Showing posts with label Boxer. Show all posts
Showing posts with label Boxer. Show all posts

Wednesday, March 31, 2021

Not One for the Win Column

All my Spoon Tomato seedlings are either dead or dying for no discernable reason, and I didn’t get picked from the waitlist for Goldfinch, so I am putting Tuesday in the “bad day” column and moving on. 

(I am more bummed about the tomatoes than Goldfinch – I spent actual money and time on those!)

I don’t care if I get called out for price shaming on this, but seriously, I need to rant right now. Prices are completely out of control not just for the Silver, but for just about… everything right now. Who are all these people buying $1000 Alborozos? 

Speculator markets like the one we’re apparently in the middle of are scary, dangerous, and never end well. I want no part of this.

This is also why I am not optimistic about getting picked for the True Blue Exclusive Event: people like me who actually want to participate in the event are going to be outnumbered by the resellers.

(I kind of wish there weren’t any exclusive items for these events at all, beyond the one model and the one Stablemate. But I know I am dreaming.)

One of the side effects of this speculator’s market is the sheer abundance of White Boxers that have come up for sale.
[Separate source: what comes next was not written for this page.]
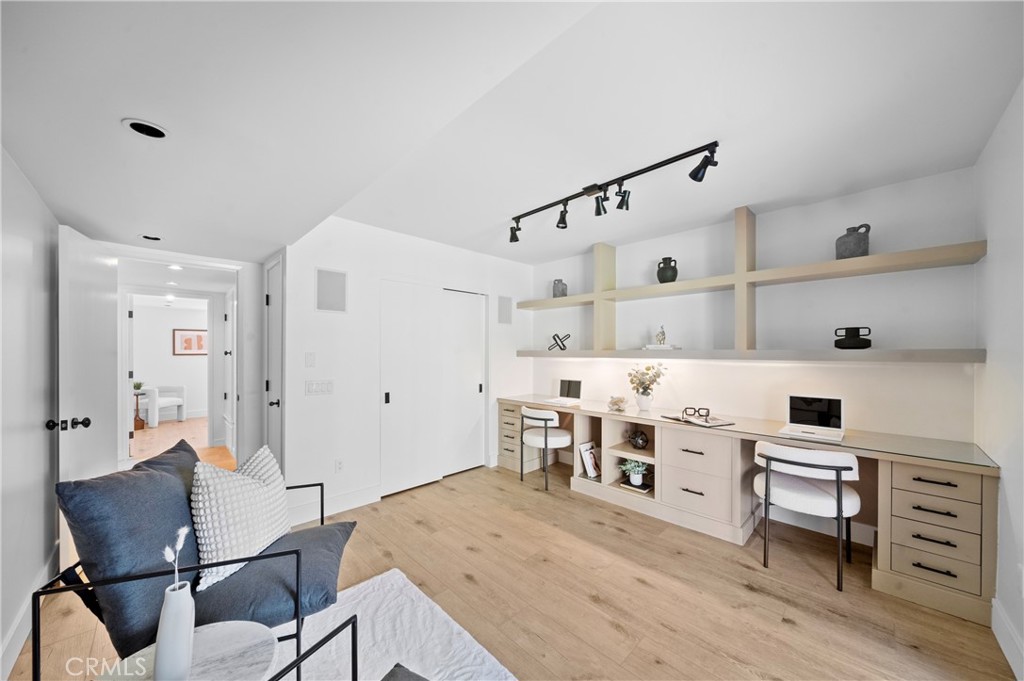 31391 E Nine Drive 67F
The White Boxer is one of the few Traditional Breyer Dogs I don’t have – and at the prices they are currently going for, it’s going to stay that way.

Years ago it was assumed that only a small quantity of White Boxers existed – I think the number that floated around was 25? – but that’s since been disproven by both documentary evidence and the sheer number of them that have turned up over the years. 

Scarce? Yeah. Eight hundred dollars worth of Rare? Nope.

Some of the pricing on these Boxers is a consequence of misinformation still being circulated. That was the case with the Buckskin Lady Phases for years, as well.

Collectors, for the most part, now realize that not all Buckskin Lady Phases are the same, and “rare, extremely limited quantity” label attached to her referred to her slightly (but noticeably) different Model Horse Congress and VaLes Bead Trailer runs, not her later and actually pretty numerous JC Penney’s Christmas catalog run. 

But the White Boxer? It looks like I am going to have to continue biding my time until (a) I get lucky, (b) this nutso speculator’s market we’re currently trapped in finally abates or (c) the hobby finally comes around to the idea that it’s not THAT rare of a model in the first place, and moves on to something else.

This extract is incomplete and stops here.